1 files changed, 246 insertions, 0 deletions
diff --git a/web/l-xfi.html b/web/l-xfi.html
new file mode 100644
index 0000000..41ba434
--- /dev/null
+++ b/web/l-xfi.html
@@ -0,0 +1,246 @@
+<html>
+<head>
+<title>XFI</title>
+</head>
+<body>
+
+<h1>XFI</h1>
+
+<p>Required reading: XFI: software guards for system address spaces.
+
+<h2>Introduction</h2>
+
+<p>Problem: how to use untrusted code (an "extension") in a trusted
+program?
+<ul>
+<li>Use untrusted jpeg codec in Web browser
+<li>Use an untrusted driver in the kernel
+</ul>
+
+<p>What are the dangers?
+<ul>
+<li>No fault isolations: extension modifies trusted code unintentionally
+<li>No protection: extension causes a security hole
+<ul>
+<li>Extension has a buffer overrun problem
+<li>Extension calls trusted program's functions
+<li>Extensions calls a trusted program's functions that is allowed to
+  call, but supplies "bad" arguments
+<li>Extensions calls privileged hardware instructions (when extending
+  kernel)
+<li>Extensions reads data out of trusted program it shouldn't.
+</ul>
+</ul>
+
+<p>Possible solutions approaches:
+<ul>
+
+<li>Run extension in its own address space with minimal
+  privileges. Rely on hardware and operating system protection
+  mechanism.
+
+<li>Restrict the language in which the extension is written:
+<ul>
+
+<li>Packet filter language.  Language is limited in its capabilities,
+  and it easy to guarantee "safe" execution.
+
+<li>Type-safe language. Language runtime and compiler guarantee "safe"
+execution.
+</ul>
+
+<li>Software-based sandboxing.
+
+</ul>
+
+<h2>Software-based sandboxing</h2>
+
+<p>Sandboxer. A compiler or binary-rewriter sandboxes all unsafe
+  instructions in an extension by inserting additional instructions.
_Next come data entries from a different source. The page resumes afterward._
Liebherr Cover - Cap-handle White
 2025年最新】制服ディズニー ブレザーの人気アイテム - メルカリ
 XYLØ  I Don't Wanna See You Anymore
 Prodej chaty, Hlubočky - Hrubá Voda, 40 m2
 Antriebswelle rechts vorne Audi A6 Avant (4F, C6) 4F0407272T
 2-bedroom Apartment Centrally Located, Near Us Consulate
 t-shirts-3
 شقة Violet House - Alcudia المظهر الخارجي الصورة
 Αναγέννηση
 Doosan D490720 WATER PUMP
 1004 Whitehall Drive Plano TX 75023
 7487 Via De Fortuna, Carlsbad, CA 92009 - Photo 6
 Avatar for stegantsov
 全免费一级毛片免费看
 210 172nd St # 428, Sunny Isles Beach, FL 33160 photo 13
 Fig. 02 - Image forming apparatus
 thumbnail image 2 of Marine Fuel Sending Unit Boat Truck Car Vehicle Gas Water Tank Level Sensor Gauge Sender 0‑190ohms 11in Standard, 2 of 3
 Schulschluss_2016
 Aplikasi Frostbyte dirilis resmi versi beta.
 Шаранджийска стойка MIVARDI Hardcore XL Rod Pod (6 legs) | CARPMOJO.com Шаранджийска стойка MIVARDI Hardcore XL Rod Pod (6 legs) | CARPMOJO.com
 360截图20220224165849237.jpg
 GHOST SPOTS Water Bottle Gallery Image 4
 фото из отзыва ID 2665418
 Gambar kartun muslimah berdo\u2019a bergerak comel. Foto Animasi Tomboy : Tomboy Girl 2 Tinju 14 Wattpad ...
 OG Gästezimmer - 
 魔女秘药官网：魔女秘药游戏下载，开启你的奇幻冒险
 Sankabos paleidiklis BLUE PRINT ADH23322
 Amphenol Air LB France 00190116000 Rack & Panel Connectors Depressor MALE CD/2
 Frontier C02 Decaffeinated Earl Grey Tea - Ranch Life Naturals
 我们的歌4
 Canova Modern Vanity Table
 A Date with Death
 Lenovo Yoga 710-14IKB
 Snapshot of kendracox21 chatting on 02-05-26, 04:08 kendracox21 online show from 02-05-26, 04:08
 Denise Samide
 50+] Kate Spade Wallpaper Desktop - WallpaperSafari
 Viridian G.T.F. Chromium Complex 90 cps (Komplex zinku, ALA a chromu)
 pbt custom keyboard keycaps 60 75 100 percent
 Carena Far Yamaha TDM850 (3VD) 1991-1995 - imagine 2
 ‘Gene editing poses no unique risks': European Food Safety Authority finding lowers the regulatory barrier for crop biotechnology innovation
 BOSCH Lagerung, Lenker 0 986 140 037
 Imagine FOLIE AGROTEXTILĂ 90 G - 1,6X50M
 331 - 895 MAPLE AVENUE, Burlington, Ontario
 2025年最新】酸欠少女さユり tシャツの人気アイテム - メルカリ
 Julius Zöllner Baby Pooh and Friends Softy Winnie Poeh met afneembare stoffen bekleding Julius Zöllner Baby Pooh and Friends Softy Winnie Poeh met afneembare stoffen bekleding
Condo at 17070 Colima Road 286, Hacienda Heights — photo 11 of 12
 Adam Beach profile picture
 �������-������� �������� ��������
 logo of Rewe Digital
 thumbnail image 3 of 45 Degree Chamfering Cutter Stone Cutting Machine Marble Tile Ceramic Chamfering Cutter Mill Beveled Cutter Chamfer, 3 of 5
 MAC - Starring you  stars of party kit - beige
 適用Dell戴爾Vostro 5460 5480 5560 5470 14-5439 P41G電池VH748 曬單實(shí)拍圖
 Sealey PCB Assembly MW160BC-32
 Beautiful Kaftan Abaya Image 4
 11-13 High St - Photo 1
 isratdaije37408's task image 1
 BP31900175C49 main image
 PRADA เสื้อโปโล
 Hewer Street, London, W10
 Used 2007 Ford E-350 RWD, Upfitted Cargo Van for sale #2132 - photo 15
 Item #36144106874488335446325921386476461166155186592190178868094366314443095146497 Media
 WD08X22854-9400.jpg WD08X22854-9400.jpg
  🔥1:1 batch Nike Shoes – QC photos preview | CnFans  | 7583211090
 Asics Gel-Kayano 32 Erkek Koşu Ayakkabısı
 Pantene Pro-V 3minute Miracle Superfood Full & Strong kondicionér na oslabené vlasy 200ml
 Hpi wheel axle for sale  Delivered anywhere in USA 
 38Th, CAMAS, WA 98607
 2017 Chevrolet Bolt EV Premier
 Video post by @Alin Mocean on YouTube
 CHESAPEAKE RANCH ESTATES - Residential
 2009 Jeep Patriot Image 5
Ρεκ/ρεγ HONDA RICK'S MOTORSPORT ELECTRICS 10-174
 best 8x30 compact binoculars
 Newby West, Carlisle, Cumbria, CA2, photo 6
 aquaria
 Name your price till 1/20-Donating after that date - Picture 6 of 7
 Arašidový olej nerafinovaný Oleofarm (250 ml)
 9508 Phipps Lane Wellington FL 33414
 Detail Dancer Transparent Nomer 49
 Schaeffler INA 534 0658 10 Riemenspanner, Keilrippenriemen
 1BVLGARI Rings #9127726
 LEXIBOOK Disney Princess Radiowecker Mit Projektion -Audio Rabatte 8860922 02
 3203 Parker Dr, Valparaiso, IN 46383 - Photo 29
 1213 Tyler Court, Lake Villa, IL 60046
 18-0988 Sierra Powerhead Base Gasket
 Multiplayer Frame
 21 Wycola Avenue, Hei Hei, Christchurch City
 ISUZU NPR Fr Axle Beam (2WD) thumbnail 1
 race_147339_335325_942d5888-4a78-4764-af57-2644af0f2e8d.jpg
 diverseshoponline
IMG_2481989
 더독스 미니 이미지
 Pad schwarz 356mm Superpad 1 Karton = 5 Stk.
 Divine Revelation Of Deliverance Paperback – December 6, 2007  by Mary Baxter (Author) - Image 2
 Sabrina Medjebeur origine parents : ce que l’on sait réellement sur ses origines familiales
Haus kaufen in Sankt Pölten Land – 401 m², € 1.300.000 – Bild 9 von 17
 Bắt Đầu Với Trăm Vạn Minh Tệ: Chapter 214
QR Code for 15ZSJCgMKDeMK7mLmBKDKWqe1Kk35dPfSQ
+  For example, every indirect store is preceded by a few instructions
+  that compute and check the target of the store at runtime.
+
+<p>Verifier. When the extension is loaded in the trusted program, the
+  verifier checks if the extension is appropriately sandboxed (e.g.,
+  are all indirect stores sandboxed? does it call any privileged
+  instructions?).  If not, the extension is rejected. If yes, the
+  extension is loaded, and can run.  If the extension runs, the
+  instruction that sandbox unsafe instructions check if the unsafe
+  instruction is used in a safe way.
+
+<p>The verifier must be trusted, but the sandboxer doesn't.  We can do
+  without the verifier, if the trusted program can establish that the
+  extension has been sandboxed by a trusted sandboxer.
+
+<p>The paper refers to this setup as instance of proof-carrying code.
+
+<h2>Software fault isolation</h2>
+
+<p><a href="http://citeseer.ist.psu.edu/wahbe93efficient.html">SFI</a>
+by Wahbe et al. explored out to use sandboxing for fault isolation
+extensions; that is, use sandboxing to control that stores and jump
+stay within a specified memory range (i.e., they don't overwrite and
+jump into addresses in the trusted program unchecked).  They
+implemented SFI for a RISC processor, which simplify things since
+memory can be written only by store instructions (other instructions
+modify registers).  In addition, they assumed that there were plenty
+of registers, so that they can dedicate a few for sandboxing code.
+
+<p>The extension is loaded into a specific range (called a segment)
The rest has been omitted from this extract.